Sympathizing with others might help you manage stress and impatience by making them feel better. You can become more tolerant of behaviors that bother and disturb you by understanding the variables that cause people to act the way they do.

When someone’s behavior irritates you, take a moment to try to see things from the other person’s perspective. What could be the reason for your colleague’s tardiness? Is there anything you might do to be nice and understanding to assist him in getting back on track?

Extending sympathy isn’t always simple, but it’s usually preferable to being upset for both you and the other person.

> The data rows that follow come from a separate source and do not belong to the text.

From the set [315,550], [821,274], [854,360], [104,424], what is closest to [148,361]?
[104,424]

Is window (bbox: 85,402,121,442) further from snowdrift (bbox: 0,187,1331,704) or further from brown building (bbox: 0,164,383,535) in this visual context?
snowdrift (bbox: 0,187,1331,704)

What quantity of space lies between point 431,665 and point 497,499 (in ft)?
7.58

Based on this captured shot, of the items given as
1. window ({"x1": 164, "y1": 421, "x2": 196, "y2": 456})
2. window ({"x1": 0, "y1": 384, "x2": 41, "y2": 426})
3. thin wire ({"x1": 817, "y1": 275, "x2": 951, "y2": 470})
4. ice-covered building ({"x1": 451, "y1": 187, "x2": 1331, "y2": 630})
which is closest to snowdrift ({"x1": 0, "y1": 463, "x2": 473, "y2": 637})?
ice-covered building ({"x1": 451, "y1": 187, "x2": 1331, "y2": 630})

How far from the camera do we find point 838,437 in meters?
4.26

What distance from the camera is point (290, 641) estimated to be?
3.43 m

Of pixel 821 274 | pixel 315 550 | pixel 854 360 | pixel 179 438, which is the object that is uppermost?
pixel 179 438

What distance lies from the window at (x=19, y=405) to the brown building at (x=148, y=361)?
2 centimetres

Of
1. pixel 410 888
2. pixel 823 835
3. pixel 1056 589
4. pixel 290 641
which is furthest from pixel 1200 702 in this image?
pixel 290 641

Set a high standard for yourself, and people will strive to meet it:

Ruth Hopkins, a fourth-grade teacher from Brooklyn, New York, was surprised on the first day of school. Tommy, the school’s top troublemaker, was now among her students after she’d been allocated a new class for the year.

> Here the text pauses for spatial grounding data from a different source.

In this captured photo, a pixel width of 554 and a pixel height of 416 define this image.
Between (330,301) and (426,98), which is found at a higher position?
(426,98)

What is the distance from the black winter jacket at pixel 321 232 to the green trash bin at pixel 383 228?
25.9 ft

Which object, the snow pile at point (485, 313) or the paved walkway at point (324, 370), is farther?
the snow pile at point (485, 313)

Tommy was intelligent, but he was disobedient – his previous teacher had complained about him daily. What would Ruth’s reaction be?

Fortunately, she had devised a strategy. Ruth went around the class on the first day and commended each student. Ruth approached Tommy and informed him she’d heard he was a natural-born leader when she saw him. She stated that she was counting on him to make her fourth-grade class the best of the year.

Tommy’s behavior quickly improved as he realized he had to live up to such a high standard.

We, humans, crave praise and despise disappointing those who have faith in us. When we praise someone’s reputation, we can take advantage of both of these facts: our words of praise reward them for what they’ve already accomplished while simultaneously setting a high bar for future accomplishments.

To put it another way, if you want someone to develop a certain trait, talk to them as if they already have it. Praise your child for sharing with others if you want her to be more generous. Establish a positive image of her as a generous and giving child.

When Dr. Martin Fitzhugh observed that his office cleaner’s standards were dropping, he utilized this strategy. The dentist’s metal cup holder was filthy, according to a patient. Even if it was only the cup holder, it was a mistake that made Dr. Fitzhugh appear unprofessional.

Rather than reprimanding his cleaner, he wrote her a kind and appreciative note, thanking her for her hard work and praising her efforts. Then, as a side note, he stated that if she needed to work longer on occasion — to take care of tiny things like the cupholder – he could pay her extra.

What’s the result? The cleaner’s work improved dramatically after that, and she never had to work overtime again.

Praise and letting others know how much you value their work is nice, but it’s also a smart method to ensure that they’ll try just as hard in the future. If you can make it a habit and combine it with the other suggestions in these blinks, you’ll find it much easier to establish new friends and improve old ones in no time.